Turalyon nickte und erwiderte den Gruß der Soldaten. „Gut, ich lasse ein paar Mann hier zurück.“ Er schaute zu Alleria, die ihren Bogen bereit machte. „Der Rest von euch kommt mit mir. Wir durchstreifen die Zitadelle und stellen sicher, dass kein Orc übrig bleibt. Und dann öffnen wir die Tore für die anderen Männer.“

Sie jubelten, und er führte sie von der Brüstung herunter. Es war derselbe Weg, den Khadgar gerade genommen hatte. Nach einem kurzen Wegstück zweigte der Gang ab, und sie stiegen eine schmale Treppe hinab.

Wie Turalyon gehofft hatte, ging es geradewegs ins Herz der Orc-Festung, Und schon wenig später war der Paladin zu beschäftigt damit, Orcs zu bekämpfen, um sich noch Gedanken um Khadgar zu machen.

Khadgar bewegte sich langsam den Gang hinunter. Seine Sinne versuchten, den Bereich vor ihm zu erfassen. Der Oger war noch hier, das wusste er. Aber er schien nichts zu tun. Wirkte keine Sprüche, hielt keine Rituale ab. Er wartete nur.

Wartete auf ihn.

Der Gang endete am Türm, und Khadgar trat ein. Der Raum war groß und merkwürdig geformt. Nicht ganz rund und mit ungleichen Winkeln, als wäre er nicht gebaut, sondern aus dem Stein herausgehauen worden. Am Ende stand ein riesiger Thron, der aus gigantischen Knochen gefertigt schien.

Khadgar schauderte bei dem Gedanken daran, was für ein Tier dafür wohl hatte sterben müssen. Die hohe Rückenlehne erreichte fast die Decke, zu beiden Seiten standen Fackeln.

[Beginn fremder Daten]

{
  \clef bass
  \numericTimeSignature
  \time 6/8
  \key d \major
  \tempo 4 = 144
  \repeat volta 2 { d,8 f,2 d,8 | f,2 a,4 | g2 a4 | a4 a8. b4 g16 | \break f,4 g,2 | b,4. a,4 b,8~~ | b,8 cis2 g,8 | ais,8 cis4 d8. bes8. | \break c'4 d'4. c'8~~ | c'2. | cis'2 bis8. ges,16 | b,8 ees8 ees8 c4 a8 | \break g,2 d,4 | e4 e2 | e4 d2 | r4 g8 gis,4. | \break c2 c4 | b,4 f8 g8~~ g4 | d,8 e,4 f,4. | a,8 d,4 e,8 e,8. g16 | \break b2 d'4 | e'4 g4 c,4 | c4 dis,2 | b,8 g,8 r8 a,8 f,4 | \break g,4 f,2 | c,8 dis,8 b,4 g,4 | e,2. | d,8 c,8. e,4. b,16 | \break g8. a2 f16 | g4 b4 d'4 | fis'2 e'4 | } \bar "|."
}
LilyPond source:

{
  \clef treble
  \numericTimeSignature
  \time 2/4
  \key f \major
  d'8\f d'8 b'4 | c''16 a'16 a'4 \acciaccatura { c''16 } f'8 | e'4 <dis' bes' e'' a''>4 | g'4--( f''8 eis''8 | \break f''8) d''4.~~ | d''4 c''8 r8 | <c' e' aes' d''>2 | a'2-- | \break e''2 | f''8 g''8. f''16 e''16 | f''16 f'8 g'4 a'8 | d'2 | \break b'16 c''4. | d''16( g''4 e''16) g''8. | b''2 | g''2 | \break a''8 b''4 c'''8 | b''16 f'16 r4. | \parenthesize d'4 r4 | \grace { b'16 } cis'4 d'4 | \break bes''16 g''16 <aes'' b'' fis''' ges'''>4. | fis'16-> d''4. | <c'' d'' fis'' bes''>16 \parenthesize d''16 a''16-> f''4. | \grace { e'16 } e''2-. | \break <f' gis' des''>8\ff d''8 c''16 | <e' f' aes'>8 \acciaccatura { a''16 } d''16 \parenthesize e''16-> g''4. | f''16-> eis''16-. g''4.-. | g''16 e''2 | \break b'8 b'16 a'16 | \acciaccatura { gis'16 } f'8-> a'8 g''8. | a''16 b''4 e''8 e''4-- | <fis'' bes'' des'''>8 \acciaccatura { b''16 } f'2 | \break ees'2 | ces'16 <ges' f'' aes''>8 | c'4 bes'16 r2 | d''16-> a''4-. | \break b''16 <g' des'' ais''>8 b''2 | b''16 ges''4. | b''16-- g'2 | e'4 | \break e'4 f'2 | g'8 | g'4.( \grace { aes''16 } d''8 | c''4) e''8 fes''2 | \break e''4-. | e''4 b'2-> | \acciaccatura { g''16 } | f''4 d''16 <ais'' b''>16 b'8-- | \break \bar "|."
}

Aber der Thron war verwaist.

„Mein Meister ist fort“, erklang eine tiefe Stimme, als eine große Gestalt aus den Schatten trat und auf ihn zukam. Khadgar hatte schon früher Oger gesehen, aber das war auf dem Schlachtfeld gewesen, und er hatte sich mit den anderen Magiern in der Nachhut befunden, die aus der sicheren Distanz zuschlug. Das hier war seine erste Begegnung aus der Nähe, und er schluckte, als er aufsah... immer höher aufsah. Der Kopf der Kreatur erreichte beinahe die Decke. Und während seine Gesichtszüge plump wirkten, waren seine tief liegenden Augen voller Intelligenz.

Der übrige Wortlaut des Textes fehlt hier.